The seventh pierced his shadow core.

He smiled with bloody teeth.

"I kept your swords," he told her. "I use them to cut my own reflection every morning. So I never forget what I look like."

He kissed her stone forehead. The swords dissolved into rust.

Kai was gentler. He opened his arms. Sunny walked into them. The embrace crushed every bone to powder. Starlight poured into the ruins, trying to fill the hollow places.

"I forgave you," Kai whispered inside his skull. "Why can't you?"

Sunny pressed his broken face to Kai's shoulder.

"Because you were the only one who was ever kind without wanting something back," he said. "And I killed you for it."

He pushed away. The statue crumbled into stardust that swirled once, then scattered on a wind from nowhere.

Mordret laughed from mirror shards embedded in the ground. A thousand reflections of Sunny stepped out, each wearing a different face he had stolen. They attacked as one: knives of glass and lies.

Sunny let them carve him apart. Piece by piece, until only a floating mouth remained.

"Enough."

The reflections froze. The mouth smiled—and ate them all. One by one, mirror-Sunnys were dragged screaming into the darkness behind his teeth. When the last vanished, the plateau was silent.

Only Effie remained. Stone eyes full of tears that would never fall.

Sunny approached.

"You promised you'd come to my son's naming day," she said, voice like mountains breaking. "You never did."

Sunny closed his eyes.

"I was busy becoming a monster."

"I know."

She raised one massive iron hand and rested it on his head. Gentle as snowfall. Then crushing. His skull cracked. Spine snapped. Darkness rushed from the edges.

"Tell him his mother loved him," she whispered.

Then the world went black. And kept going.

He fell. Through stone and memory. Through roots of the Hollow Mountains where the first gods had been buried alive. Through the place where the Spell had been born screaming.

Until he landed on something soft.

Sunlight streamed through a window. Children laughed. A woman held his hand.

Cassie. Not stone. Not echo. Real.

"You're safe," she said. "The Nightmare is over. You did it. You broke the Spell."

He closed his eyes. No weight. No voices. No hunger. Only warmth. Only peace.

He slept.

When he woke, the room was empty. Stone walls. A window to darkness.

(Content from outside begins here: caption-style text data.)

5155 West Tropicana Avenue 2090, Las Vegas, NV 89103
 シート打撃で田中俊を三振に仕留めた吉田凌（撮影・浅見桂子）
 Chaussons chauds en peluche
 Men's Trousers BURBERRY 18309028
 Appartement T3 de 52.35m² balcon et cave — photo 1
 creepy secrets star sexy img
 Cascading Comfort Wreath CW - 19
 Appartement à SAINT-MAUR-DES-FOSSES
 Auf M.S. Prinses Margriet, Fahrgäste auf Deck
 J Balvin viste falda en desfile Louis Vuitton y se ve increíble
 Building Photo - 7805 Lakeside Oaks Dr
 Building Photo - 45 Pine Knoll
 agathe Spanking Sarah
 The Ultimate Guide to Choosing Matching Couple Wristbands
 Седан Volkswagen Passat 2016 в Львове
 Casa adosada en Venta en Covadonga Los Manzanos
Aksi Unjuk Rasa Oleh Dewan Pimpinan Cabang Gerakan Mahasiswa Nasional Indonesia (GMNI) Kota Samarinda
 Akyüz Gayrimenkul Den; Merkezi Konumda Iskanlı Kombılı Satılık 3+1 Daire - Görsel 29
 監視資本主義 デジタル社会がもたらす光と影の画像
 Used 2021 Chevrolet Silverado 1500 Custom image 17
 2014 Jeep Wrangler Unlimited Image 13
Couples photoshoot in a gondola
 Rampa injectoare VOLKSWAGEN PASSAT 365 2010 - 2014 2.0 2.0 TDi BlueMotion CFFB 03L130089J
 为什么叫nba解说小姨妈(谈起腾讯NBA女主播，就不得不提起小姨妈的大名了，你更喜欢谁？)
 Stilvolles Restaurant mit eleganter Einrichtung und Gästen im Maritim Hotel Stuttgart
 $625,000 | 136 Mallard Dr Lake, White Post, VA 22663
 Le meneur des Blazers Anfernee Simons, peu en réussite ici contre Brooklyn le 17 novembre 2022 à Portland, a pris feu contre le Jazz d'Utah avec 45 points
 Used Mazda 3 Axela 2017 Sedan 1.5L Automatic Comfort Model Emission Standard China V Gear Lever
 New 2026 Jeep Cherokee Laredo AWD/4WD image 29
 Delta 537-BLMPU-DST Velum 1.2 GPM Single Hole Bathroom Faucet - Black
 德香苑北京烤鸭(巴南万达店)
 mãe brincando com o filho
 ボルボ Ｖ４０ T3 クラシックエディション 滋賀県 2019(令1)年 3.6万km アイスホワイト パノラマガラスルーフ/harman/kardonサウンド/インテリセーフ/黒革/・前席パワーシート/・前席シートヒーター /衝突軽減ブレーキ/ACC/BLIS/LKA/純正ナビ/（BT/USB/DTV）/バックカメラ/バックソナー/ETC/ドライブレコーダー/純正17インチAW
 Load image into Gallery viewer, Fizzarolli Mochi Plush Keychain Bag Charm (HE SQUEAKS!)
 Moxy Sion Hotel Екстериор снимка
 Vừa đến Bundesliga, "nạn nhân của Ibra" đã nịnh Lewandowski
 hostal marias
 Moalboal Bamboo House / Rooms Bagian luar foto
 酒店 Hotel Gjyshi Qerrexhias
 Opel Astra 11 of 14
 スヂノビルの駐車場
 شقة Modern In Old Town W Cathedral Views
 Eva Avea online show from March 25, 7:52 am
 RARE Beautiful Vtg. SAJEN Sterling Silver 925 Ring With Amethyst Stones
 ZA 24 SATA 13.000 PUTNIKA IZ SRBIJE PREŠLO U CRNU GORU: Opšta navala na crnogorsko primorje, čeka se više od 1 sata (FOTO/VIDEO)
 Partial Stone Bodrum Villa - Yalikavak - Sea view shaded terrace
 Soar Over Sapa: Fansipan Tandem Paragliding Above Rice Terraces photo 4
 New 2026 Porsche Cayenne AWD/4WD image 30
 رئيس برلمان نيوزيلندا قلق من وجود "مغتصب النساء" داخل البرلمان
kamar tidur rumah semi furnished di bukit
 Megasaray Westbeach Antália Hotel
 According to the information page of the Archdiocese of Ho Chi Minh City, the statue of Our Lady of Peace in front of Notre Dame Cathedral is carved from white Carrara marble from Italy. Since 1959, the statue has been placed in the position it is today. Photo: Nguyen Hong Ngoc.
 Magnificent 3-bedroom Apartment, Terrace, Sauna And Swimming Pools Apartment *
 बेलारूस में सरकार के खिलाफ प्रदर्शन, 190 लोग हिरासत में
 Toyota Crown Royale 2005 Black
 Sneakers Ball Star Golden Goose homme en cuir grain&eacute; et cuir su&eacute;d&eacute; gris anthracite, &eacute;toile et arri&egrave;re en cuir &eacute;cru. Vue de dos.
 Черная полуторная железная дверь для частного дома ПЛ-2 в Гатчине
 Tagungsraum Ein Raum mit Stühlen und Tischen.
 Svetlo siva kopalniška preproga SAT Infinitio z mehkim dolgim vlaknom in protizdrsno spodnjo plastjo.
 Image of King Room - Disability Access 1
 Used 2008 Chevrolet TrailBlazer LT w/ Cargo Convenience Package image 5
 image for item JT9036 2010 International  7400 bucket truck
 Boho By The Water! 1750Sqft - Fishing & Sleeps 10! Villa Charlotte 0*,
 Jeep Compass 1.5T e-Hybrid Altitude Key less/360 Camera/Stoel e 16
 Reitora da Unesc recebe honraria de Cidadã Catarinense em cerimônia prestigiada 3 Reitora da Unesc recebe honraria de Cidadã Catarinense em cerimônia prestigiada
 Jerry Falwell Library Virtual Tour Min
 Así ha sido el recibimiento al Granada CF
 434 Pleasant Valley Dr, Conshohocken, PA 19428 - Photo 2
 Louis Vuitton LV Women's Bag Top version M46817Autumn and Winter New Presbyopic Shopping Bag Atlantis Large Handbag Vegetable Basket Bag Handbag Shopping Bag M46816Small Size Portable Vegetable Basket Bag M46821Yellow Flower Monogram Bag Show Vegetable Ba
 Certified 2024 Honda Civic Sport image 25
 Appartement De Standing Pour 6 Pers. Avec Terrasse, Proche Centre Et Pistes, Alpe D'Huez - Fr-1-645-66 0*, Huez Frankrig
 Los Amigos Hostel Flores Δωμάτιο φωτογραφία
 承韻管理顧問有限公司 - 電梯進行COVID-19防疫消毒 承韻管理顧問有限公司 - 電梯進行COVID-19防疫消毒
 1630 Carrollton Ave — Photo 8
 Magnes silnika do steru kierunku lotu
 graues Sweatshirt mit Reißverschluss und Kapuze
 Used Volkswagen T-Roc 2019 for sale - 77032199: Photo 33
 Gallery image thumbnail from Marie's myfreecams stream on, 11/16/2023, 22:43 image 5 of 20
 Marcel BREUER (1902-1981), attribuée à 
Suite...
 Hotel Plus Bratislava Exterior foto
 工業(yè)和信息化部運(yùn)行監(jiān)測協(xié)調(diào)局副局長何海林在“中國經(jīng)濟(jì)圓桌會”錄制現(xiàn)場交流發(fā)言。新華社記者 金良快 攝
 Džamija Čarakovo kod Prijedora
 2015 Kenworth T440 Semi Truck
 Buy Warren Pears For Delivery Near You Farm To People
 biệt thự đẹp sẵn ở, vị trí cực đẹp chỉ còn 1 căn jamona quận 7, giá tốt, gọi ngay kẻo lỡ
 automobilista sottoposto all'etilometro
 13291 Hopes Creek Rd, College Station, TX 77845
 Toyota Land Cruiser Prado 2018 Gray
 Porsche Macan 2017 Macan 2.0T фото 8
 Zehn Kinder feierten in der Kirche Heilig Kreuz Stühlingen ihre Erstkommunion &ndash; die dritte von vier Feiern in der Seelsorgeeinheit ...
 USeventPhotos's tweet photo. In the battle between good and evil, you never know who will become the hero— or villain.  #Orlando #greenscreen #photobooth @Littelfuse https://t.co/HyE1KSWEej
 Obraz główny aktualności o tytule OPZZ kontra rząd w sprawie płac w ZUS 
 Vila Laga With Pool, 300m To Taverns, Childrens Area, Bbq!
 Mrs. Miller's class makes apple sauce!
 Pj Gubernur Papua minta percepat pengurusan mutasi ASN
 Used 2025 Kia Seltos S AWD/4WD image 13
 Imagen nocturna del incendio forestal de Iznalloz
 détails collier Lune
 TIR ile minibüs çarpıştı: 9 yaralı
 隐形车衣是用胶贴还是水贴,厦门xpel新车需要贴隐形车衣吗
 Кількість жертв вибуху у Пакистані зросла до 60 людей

Cassie's body hung from the ceiling by her own golden hair, eyes burned out, mouth sewn shut. A single line carved into the wall above her, still dripping:

You will never be free.

Sunny sat up slowly. Whole again. Statues gone. Plateau gone.

He stood at the foot of a staircase carved from Saint ribcages. Spiral ascending into the mountain.

At the top, something waited. Something wearing his face, smiling with too many teeth. The child waved.

Sunny began to climb.

Behind him, the Hollow Mountains finally stopped screaming. They had run out of throats.